[Opening Study material section]
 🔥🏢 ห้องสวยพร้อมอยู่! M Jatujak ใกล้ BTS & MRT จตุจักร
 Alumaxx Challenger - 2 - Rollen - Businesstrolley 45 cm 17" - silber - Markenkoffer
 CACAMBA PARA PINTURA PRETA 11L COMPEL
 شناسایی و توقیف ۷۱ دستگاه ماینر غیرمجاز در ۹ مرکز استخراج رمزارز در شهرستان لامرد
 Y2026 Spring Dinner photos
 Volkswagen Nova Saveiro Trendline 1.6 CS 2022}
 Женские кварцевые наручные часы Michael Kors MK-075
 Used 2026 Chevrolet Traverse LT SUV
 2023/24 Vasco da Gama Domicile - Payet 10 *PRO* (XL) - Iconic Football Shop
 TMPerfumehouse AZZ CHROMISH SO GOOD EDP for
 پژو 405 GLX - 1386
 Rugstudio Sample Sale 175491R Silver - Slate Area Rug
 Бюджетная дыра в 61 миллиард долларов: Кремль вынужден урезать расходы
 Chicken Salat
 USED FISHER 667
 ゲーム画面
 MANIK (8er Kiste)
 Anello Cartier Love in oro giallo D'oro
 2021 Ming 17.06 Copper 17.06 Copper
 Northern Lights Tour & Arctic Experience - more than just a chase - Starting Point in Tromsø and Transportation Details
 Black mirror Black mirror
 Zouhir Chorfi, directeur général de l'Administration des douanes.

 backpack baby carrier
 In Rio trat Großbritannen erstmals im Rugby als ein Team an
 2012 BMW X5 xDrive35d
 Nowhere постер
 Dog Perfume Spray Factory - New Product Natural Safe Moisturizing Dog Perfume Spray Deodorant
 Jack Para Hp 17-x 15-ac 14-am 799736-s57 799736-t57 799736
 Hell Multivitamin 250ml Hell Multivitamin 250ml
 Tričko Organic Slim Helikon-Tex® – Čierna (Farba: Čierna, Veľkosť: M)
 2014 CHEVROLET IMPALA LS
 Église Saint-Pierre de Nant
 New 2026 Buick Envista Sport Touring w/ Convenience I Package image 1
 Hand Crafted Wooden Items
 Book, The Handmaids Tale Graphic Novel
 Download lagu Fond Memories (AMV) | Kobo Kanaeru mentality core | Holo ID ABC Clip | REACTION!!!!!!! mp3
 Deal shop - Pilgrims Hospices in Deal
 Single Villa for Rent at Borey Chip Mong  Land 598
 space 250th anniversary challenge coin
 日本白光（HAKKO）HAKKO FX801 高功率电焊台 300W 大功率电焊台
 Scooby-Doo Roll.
[Closing Study material section]
» Exercise requirements
The expected response is the material above given again line by line, from its first line to the line holding "Used 2026 Chevrolet Traverse LT SUV", inclusive.

» Output for this task
 🔥🏢 ห้องสวยพร้อมอยู่! M Jatujak ใกล้ BTS & MRT จตุจักร
 Alumaxx Challenger - 2 - Rollen - Businesstrolley 45 cm 17" - silber - Markenkoffer
 CACAMBA PARA PINTURA PRETA 11L COMPEL
 شناسایی و توقیف ۷۱ دستگاه ماینر غیرمجاز در ۹ مرکز استخراج رمزارز در شهرستان لامرد
 Y2026 Spring Dinner photos
 Volkswagen Nova Saveiro Trendline 1.6 CS 2022}
 Женские кварцевые наручные часы Michael Kors MK-075
 Used 2026 Chevrolet Traverse LT SUV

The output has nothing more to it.